For all of you who are regular readers of my blogs you will know that I am fairly obsessed with the notion of IT Value. This obsession stems from a belief that IT has huge potential to make our lives and organisations substantially better and that it is our job, as an industry, to ensure that this value is delivered. You probably also know my view that in general we fail to deliver this value. The evidence of this is captured extensively in both IT and business literature. Here are some of my “favorites”:
- Mckinsey report that 70 percent of change programmes fail to deliver.
- The Standish Group, in their aptly named Chaos report, state that only 29 percent of software development projects are successful. The remaining 71 percent being troubled or considered an outright failure. To make matters worse, the larger and presumably more important a project the lower the chances that it will succeed, with these so called “grand” projects succeeding less than 10 percent of the time.
- Recently Forbes reported that when it comes to digital transformation, the change programme of our time, 84 percent of these programmes have failed to deliver to date.
- One of the most staggering findings comes from a joint study between McKinsey and Oxford University of mega projects, that is projects with a budget above $10 million. They found that “17 percent of IT projects go so bad that they can threaten the very existence of the company.” Compare the McKinsey / Oxford 17 percent threatening bankruptcy with Standish’s 10 percent success for grand projects and you might conclude that large scale IT projects are more likely to cause you to flirt with bankruptcy than to be successful.
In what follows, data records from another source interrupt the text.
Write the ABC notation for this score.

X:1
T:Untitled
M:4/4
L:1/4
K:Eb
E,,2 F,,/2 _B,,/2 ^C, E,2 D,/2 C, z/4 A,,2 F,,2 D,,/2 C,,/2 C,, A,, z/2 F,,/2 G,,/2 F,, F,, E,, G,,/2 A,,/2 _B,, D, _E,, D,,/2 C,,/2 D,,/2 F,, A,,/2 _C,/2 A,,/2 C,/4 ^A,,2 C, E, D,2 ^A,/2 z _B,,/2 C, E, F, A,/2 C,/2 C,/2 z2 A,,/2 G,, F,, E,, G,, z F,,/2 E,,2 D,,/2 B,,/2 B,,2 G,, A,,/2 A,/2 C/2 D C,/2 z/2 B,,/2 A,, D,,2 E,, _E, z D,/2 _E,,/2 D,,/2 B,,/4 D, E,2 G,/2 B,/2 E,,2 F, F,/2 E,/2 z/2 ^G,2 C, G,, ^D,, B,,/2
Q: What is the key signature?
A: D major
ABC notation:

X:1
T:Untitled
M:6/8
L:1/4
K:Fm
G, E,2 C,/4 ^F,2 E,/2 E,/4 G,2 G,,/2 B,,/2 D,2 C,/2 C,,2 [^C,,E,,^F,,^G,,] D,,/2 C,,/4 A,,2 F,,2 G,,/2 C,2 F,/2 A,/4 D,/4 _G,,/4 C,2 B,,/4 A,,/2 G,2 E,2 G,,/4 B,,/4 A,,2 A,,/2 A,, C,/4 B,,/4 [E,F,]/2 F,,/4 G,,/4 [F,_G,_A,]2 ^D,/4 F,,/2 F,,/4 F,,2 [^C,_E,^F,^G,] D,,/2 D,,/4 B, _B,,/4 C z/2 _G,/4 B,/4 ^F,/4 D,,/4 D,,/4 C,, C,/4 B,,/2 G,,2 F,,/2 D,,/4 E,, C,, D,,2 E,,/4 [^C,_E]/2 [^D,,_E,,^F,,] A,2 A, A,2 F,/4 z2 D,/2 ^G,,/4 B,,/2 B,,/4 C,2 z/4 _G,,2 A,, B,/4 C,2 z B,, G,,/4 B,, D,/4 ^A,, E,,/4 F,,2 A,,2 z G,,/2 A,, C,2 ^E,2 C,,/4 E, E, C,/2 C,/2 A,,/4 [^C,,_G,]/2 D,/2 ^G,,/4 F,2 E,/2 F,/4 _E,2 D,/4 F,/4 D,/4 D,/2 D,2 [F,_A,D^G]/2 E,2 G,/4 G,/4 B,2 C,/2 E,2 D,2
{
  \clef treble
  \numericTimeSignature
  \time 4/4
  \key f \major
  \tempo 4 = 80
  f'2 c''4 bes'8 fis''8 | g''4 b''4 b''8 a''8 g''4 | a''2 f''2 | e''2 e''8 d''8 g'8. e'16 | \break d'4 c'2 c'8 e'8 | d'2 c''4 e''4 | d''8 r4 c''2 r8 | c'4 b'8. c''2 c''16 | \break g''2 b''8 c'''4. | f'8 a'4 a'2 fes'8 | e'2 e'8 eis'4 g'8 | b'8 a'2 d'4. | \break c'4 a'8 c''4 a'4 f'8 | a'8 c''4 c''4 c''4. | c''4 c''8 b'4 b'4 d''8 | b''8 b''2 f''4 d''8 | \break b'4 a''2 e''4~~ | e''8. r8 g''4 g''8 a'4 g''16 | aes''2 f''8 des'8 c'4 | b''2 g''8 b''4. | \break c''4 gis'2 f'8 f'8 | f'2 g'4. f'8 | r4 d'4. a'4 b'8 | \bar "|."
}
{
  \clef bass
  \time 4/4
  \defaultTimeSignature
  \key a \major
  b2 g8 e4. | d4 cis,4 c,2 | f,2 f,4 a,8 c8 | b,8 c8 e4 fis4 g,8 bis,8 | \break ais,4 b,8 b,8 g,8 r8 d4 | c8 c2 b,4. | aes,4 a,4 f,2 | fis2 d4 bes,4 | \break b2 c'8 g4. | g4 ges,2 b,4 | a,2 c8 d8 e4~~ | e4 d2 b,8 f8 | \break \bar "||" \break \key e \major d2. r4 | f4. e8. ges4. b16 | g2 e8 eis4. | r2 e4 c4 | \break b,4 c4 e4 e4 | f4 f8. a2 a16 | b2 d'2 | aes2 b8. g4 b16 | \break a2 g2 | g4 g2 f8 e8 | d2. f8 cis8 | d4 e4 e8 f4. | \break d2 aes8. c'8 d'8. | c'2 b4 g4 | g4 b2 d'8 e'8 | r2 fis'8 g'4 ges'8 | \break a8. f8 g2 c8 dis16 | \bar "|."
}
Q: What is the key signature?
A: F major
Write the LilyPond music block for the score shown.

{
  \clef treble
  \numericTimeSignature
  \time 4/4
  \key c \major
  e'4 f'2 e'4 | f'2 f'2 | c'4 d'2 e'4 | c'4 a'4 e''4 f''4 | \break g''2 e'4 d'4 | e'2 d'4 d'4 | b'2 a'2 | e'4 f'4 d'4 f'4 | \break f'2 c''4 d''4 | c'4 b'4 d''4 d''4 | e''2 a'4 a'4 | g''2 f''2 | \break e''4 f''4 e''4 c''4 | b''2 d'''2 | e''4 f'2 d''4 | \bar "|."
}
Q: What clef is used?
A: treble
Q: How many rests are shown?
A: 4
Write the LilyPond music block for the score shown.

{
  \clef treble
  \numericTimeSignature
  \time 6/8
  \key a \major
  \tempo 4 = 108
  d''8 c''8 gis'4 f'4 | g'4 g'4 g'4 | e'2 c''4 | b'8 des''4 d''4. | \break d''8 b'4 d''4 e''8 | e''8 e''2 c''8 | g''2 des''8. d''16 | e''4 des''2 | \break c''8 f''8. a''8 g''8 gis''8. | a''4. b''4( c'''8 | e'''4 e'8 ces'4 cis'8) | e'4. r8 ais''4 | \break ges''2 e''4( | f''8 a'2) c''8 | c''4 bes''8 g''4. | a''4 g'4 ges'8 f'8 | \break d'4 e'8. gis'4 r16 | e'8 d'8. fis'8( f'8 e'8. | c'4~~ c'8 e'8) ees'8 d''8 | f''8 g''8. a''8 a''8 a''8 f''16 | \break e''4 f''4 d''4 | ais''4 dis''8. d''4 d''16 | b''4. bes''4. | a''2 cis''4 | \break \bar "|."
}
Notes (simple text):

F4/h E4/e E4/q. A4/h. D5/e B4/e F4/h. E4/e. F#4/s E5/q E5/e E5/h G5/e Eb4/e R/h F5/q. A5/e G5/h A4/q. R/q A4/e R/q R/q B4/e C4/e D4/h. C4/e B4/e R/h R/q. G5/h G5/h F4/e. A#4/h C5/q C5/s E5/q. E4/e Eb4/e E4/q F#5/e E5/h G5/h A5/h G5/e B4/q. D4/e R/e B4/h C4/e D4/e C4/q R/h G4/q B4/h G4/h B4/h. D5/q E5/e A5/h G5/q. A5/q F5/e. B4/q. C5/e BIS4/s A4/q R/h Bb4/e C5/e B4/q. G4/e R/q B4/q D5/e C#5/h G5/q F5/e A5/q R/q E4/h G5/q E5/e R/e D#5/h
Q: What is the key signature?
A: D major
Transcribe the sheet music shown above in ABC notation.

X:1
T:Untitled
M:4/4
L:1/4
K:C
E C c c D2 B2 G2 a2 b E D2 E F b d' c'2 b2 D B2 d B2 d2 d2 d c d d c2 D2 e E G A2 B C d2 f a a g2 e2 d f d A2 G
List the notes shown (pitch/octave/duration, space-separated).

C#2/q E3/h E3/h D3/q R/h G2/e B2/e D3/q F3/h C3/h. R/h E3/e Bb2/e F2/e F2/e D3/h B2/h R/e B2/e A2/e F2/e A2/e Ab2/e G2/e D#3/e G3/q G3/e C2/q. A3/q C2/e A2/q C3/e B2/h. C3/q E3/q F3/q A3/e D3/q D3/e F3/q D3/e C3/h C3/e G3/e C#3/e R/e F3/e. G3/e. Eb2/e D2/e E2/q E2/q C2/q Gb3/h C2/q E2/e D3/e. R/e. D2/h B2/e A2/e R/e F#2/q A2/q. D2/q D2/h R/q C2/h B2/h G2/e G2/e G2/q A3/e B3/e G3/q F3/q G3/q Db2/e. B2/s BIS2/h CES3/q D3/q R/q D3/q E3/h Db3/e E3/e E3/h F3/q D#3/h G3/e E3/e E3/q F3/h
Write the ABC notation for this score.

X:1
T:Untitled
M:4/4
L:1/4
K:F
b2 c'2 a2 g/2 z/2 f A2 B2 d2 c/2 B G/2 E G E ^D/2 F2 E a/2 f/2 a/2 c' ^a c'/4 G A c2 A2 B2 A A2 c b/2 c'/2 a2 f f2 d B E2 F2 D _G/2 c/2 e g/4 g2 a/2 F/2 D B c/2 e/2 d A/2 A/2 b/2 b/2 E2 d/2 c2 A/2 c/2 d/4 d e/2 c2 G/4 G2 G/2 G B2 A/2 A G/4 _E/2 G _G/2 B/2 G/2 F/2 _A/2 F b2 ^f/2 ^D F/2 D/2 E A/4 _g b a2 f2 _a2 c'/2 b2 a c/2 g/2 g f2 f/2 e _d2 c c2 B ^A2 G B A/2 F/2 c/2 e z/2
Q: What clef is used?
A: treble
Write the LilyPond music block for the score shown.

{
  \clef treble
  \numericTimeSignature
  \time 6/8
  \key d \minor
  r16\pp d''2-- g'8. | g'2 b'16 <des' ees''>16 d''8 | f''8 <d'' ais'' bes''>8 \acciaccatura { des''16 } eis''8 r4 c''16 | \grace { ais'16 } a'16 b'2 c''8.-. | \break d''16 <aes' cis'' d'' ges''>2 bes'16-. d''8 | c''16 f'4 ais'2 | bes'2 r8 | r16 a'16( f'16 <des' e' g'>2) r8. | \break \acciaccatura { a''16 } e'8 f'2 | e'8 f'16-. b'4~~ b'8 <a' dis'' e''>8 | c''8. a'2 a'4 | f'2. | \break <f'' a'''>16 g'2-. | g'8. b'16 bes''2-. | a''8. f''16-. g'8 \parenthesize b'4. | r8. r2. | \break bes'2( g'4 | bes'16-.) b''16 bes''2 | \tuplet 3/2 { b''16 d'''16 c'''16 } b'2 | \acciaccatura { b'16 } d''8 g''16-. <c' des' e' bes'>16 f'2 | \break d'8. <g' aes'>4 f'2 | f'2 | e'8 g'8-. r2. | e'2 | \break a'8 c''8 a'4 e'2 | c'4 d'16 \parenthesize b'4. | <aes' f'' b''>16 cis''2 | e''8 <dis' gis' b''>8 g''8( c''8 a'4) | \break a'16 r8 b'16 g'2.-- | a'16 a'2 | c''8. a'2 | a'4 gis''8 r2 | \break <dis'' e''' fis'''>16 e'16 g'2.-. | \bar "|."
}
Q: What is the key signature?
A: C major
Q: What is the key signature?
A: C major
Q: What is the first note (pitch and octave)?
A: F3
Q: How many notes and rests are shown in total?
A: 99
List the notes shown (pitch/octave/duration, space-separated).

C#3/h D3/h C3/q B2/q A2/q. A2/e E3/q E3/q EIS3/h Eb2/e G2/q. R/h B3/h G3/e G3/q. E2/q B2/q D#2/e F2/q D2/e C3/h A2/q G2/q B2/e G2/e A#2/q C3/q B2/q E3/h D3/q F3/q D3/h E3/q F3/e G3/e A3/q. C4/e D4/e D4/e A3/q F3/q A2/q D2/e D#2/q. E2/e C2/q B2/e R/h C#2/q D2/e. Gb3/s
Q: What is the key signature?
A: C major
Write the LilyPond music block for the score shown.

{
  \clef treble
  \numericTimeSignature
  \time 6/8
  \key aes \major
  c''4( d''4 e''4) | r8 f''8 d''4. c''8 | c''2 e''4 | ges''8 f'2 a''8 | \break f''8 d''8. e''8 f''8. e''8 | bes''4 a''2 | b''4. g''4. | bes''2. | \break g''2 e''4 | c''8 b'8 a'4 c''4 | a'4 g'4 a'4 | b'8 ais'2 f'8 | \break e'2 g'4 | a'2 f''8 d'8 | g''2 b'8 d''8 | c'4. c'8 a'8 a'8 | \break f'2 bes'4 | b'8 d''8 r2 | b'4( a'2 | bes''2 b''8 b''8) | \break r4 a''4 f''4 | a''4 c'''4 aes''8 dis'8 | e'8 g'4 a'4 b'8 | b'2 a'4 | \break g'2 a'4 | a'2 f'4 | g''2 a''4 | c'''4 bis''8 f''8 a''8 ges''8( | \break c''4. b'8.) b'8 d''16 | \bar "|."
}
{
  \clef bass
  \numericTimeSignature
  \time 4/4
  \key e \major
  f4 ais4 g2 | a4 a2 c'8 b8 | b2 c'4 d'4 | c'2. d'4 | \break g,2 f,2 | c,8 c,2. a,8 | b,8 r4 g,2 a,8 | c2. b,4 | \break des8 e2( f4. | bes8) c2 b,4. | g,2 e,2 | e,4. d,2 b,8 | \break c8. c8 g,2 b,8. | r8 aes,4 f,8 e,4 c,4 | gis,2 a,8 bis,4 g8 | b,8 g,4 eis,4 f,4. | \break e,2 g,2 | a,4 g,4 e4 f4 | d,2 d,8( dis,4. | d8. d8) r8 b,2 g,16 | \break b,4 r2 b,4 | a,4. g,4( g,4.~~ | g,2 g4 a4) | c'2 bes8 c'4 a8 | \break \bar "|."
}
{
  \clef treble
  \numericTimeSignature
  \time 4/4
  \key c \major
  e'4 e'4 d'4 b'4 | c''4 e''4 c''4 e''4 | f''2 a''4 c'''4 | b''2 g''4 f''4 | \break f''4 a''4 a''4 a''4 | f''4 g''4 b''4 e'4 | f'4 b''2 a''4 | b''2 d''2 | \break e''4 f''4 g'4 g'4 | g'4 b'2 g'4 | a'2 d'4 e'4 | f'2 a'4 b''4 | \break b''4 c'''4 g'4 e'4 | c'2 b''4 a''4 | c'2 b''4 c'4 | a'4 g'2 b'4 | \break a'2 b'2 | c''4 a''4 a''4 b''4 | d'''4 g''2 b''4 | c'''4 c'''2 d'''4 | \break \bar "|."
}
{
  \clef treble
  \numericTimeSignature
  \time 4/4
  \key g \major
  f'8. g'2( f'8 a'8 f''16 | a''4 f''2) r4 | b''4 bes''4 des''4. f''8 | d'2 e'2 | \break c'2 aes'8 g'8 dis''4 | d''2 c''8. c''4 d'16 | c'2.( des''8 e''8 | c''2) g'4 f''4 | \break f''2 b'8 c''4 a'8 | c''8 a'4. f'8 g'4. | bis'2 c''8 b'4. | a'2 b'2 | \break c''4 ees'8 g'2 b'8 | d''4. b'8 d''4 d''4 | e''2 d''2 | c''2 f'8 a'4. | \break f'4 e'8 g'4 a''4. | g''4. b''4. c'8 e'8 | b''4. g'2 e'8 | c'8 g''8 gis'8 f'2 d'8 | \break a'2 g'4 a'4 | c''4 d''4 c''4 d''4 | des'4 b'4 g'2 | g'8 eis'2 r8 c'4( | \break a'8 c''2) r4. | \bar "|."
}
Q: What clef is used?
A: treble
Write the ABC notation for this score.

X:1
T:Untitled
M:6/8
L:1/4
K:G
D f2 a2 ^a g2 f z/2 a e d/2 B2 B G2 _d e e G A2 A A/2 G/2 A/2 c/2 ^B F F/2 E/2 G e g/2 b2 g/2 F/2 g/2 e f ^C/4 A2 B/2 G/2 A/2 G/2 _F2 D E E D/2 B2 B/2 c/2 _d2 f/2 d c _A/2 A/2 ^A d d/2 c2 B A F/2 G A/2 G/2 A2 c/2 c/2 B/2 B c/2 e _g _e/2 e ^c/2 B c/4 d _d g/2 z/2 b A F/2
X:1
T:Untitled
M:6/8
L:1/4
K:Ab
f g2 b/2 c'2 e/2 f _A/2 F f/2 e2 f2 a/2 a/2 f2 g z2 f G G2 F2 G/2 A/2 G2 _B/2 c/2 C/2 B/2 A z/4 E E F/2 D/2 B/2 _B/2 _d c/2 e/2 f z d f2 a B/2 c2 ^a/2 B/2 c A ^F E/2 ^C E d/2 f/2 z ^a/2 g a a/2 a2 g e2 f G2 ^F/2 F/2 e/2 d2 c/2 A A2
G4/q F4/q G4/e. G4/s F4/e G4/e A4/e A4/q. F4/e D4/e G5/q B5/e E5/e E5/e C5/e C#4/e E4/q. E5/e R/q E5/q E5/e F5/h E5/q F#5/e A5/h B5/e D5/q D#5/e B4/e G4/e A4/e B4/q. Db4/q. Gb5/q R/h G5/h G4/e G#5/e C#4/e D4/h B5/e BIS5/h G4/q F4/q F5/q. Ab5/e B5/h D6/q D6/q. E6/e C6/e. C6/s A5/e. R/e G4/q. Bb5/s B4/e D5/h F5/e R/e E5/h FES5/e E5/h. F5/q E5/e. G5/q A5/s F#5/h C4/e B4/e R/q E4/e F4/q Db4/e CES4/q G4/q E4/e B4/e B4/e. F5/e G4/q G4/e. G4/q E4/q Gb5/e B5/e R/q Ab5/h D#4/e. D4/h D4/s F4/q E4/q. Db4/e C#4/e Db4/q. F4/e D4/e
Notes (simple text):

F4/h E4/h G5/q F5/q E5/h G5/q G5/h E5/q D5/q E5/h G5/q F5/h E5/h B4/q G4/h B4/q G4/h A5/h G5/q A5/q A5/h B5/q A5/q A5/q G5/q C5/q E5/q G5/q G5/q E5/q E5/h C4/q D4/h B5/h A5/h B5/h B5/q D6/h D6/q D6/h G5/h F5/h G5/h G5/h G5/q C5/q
It may not be true but the comparison makes you pause and reflect.
It all paints a pretty bleak picture of our ability to deliver value from technology enabled change and I confess to getting a little depressed when I read these reports and write about their findings. It also makes me wonder if perhaps I’m wrong. Maybe IT can’t effectively deliver value. Maybe there is no potential just hyperbole, great marketing and over blown expectations. But then I remind myself that there is a substantial and growing body of research which demonstrates that technology can and does deliver value.
As I reflect on this I realise that while this research is there I and most other commentators don’t write about it so much. I’m not sure why, but perhaps it has something to do with the old cliché that good news doesn’t sell. It’s time to bring some balance to this discussion so here are some of my favourite pieces of research which highlight the good news that IT can and does deliver value when we get it right.
- An Accenture study of European manufacturing and distribution companies found that high performing IT organisations spend 15% – 20% less than their peers, while still being able to invest more in IT enabled innovation, driving more value, higher earnings and growth.
- In their book, IT Savvy, Peter Weill and Jeanne Ross report on MIT’s Centre for Information Systems Research (CISR) where they have found that the most “IT Savvy” firms:
- are 20 percent more profitable.
- the top 18 percent of these firms with the best portfolio management practices have higher profitability
- that are above average on IT savvy and IT spending have margins that are 20 percent higher than industry average vs those lower in both, whose margins are 32 percent lower than industry average.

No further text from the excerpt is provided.